International Association for Cryptologic Research

International Association
for Cryptologic Research

Transactions on Cryptographic Hardware and Embedded Systems, Volume 2021

Online Template Attacks: Revisited:

PoC: emulated single-trace attack on wolfSSL scalar multiplication


README

Intro

This PoC simulates an Online Template Attack against wolfSSL v4.4.0 side-channel protected ECC scalar multiplication implementation. It demonstrates the feasibility of one the attacks carried out in the paper Online Template Attacks: Revisited published at TCHES 2021.

For this task, we assume the adversary can mount a CopyCat attack on said implementation. We use an emulator based on TracerGrind to capture victim and templates traces.

This document guides the user through this PoC explaining each executed step. Additionally, we provide a script that automates the whole process in one step. Before executing it, please ensure the Requirements are satisfied, then you can try: single_command.sh.

About CopyCat attack

CopyCat is a controlled channel attack on TEEs such as SGX: [paper]. CopyCat tracks the number of executed instructions at memory page granularity.

For instance, the CopyCat trace: "4A 3B 2C" means that at memory page offset A 4 instructions were executed, 3 at B, and 2 at C.

Following our OTA paper analysis on this library (Section 4.4), if an adversary mounts a CopyCat attack on this library using all the memory page offsets this library uses it will obtain an ideal state distinguisher. This means the scalar can be recovered easily.

Build and install

We tested the procedure below on Ubuntu 18.04 and 20.04. For another Linux flavors it should work, if it doesn't you can use a VM with this Ubuntu image without updating it.

TracerGrind is built on Valgrind which might cause incompatibilities with future environments.

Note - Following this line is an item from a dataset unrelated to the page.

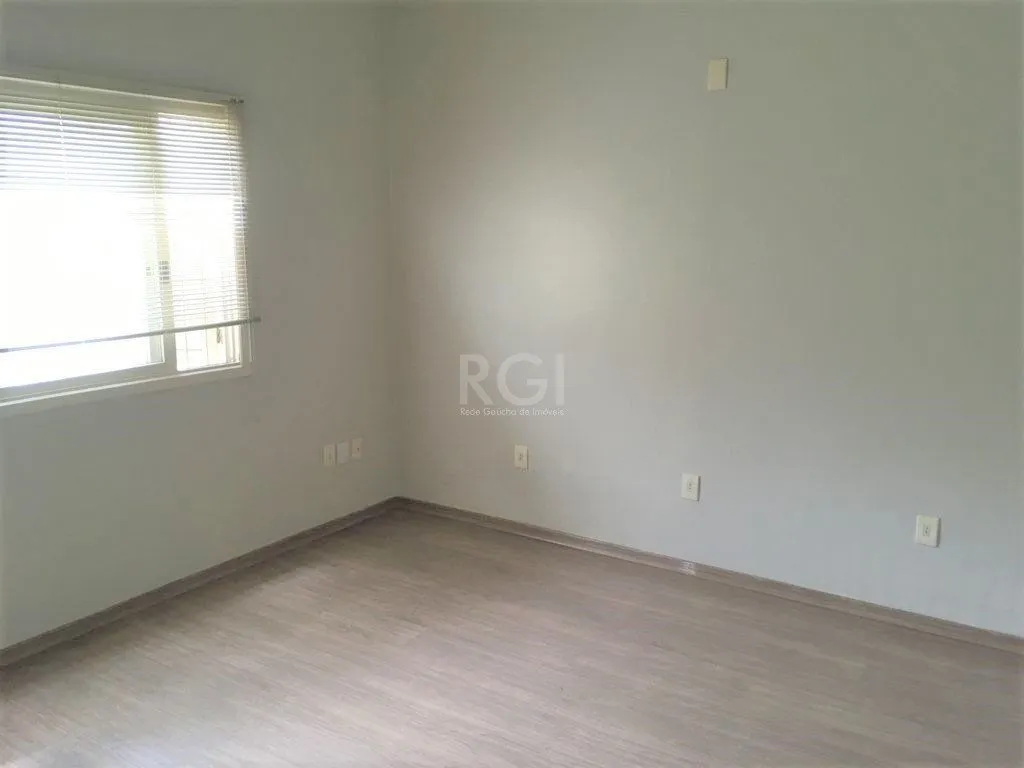 Imagem Apartamento para Venda - 66.6m², 2 dormitórios, 1 vaga - Jardim São Pedro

If you notice some issues, use the vanilla Ubuntu image mentioned above.

Requirements (Ubuntu 18.04)

sudo apt-get install build-essential automake git libcapstone-dev libsqlite3-dev libtool

This PoC assumes bash, wget and python3 (tested with 3.6.9) are installed.

About next builds: TracerGrind and wolfSSL shared library are built and installed in the project directory, they don't conflict with your environment.

Build TracerGrind install

./install_tracergrind.sh

Build wolfSSL library, victim and template implementations

./build_wolfssl.sh

Test builds

Both victim and template binaries are linked to the wolfSSL shared library built before.

Victim:

It generates an ECDSA signature with fixed private key (d) and hash (h).

Executing ./libs/wolfssl/victim/ecc-sign should output something like:

r = 0x7CAB2AB4F3A0BE5860DF4D458E7481EB3F07B029F72D0E1AD6F071090011B3E7
s = 0x92F1938C047D9AE768BB6A03ABD76E70436CE16735C34B8EBD51600257EB163F

Template:

The template implementation accepts a hex represented integer as input (k), and computes kG where G is the point generator for curve secp256r1.

The output of ./libs/wolfssl/template/scalar_mult_template M 1 should be:

X = 0x6b17d1f2e12c4247f8bce6e563a440f277037d812deb33a0f4a13945d898c296

At this point we have a template implementation that will be used to capture template traces with a known scalar.

In this case we are going to perform a scalar-based OTA. For more technical details see Section 3.2 in the paper. (these details are not needed to use this PoC).

Configure trace capture scripts

Get libwolssl.so address range in TracerGrind

TracerGrind records all executed instructions by a binary. We are interested only on wolfSSL shared library instructions. Therefore we must know the address range where this library is loaded to filter it during trace capturing.

cd attack_framework/wolfssl/

./get_addr_range.sh

The output should be something like:

[L] Loaded /home/tches/ota_artifact/libs/wolfssl/wolfssl-4.4.0-stable/build/lib/libwolfssl.so.24.1.0 from  0x0000000004c39b30 to 0x0000000004c7aaef

At the end of the line we get the address range used by wolfSSL when executed by TracerGrind.

Set ADDR_RANGE variable in capture scripts

With this we are limiting the page offsets used in the attack to libwolfssl's. (please modify the command above according to ./get_addr_range.sh output)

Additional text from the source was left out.